Si possono trarre dall’insieme di queste vicende alcune considerazioni di valenza generale.
Intanto per dire che non è sempre vero che in determinate materie lo Stato sia meno efficace degli Enti locali. Per esempio nella tutela del patrimonio culturale: l’imposizione di vincoli di legge che impediscano di trattare come una qualsiasi merce opere d’arte sottrae all’arbitrio di singoli amministratori la disponibilità di beni (archeologici, artistici, bibliografici, documentali e paesaggistici) che, per il loro valore storico, estetico e artistico, appartengono all’intera collettività nazionale (o anche internazionale) e non ai singoli proprietari. Per amministrare tali beni è opportuno che siano chiamate (per concorso e non per elezione) persone che abbiano una specifica comprovata competenza. Esattamente com’è necessario che un magistrato inquirente o giudicante disponga di una specifica cultura giuridica, il direttore di un museo, di una biblioteca, di un archivio o il personale tecnico e direttivo delle Soprintendenze deve essere dotato delle opportune cognizioni nelle materie che riguardano l’arte, la custodia e la fruibilità dei libri nelle biblioteche e dei documenti negli archivi, la tutela del paesaggio. E che il parere di personale specializzato sia prevalente rispetto a quello dell’autorità politica in ogni questione che riguardi la conservazione, la tutela e la valorizzazione dei beni culturali.
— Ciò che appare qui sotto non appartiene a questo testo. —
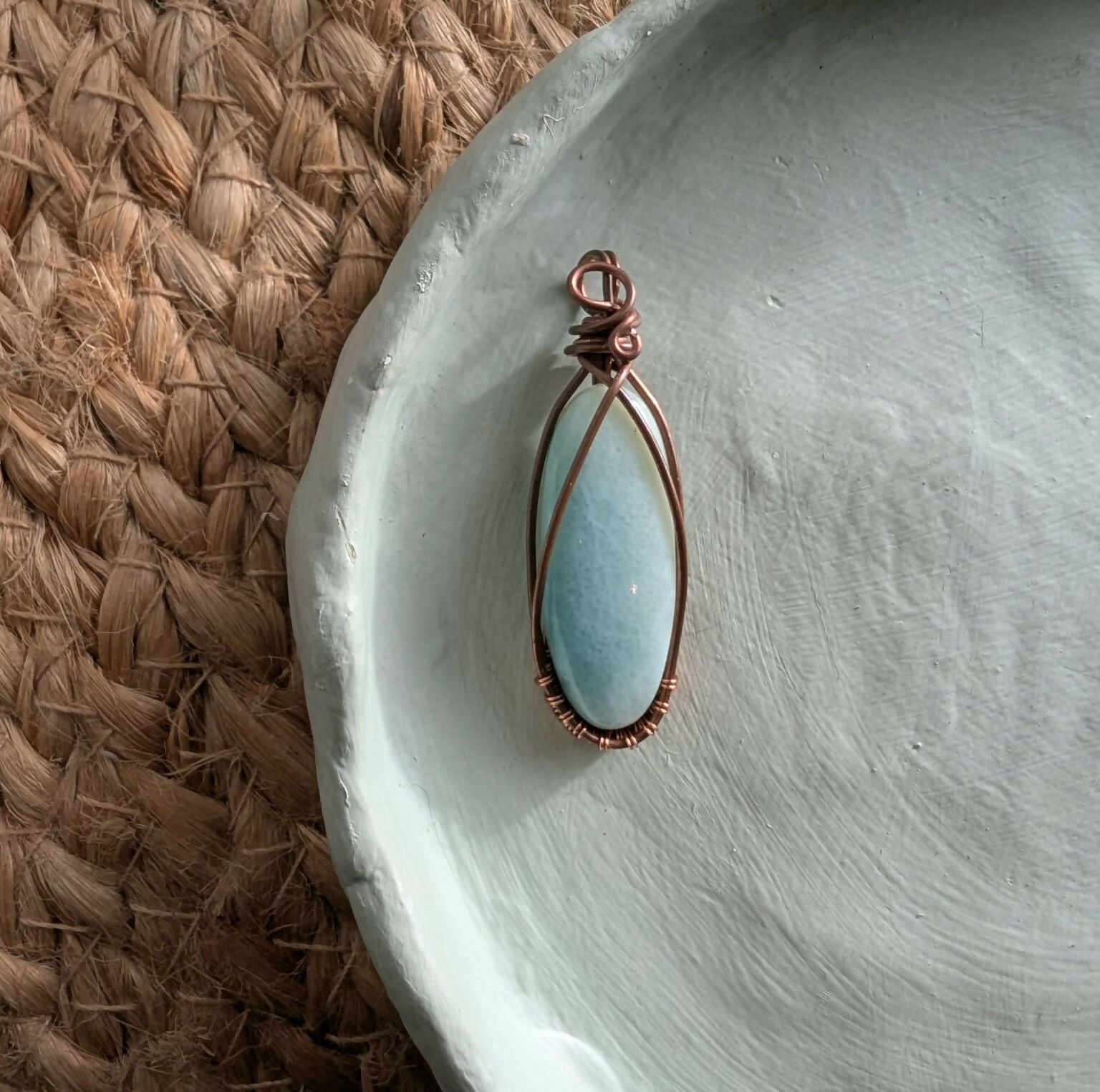 Hand Wrapped Larimar & Copper Pendant & Cord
Una seconda riflessione dovrebbe essere fatta riguardo ai meccanismi di selezione del personale politico. Dall’istituzione dell’elezione diretta dei sindaci e dalla disgregazione dei partiti come strumenti per l’organizzazione del consenso democratico, la selezione dei candidati privilegia personalità che, di norma, hanno conquistato una visibilità in ambiti diversi da quelli dell’amministrazione dei beni pubblici: imprenditori in primo luogo, e poi professionisti di chiara fama, docenti universitari, ma anche cantanti e ballerine. Ciò, se da un lato ha consentito per esempio negli Enti locali una maggiore governabilità, ha condotto al progressivo smantellamento delle possibilità di formare “sul campo” personale politico qualificato per tale fondamentale “mestiere”, per privilegiare persone che si sono sempre occupate di altro.
I risultati sono sotto gli occhi di tutti.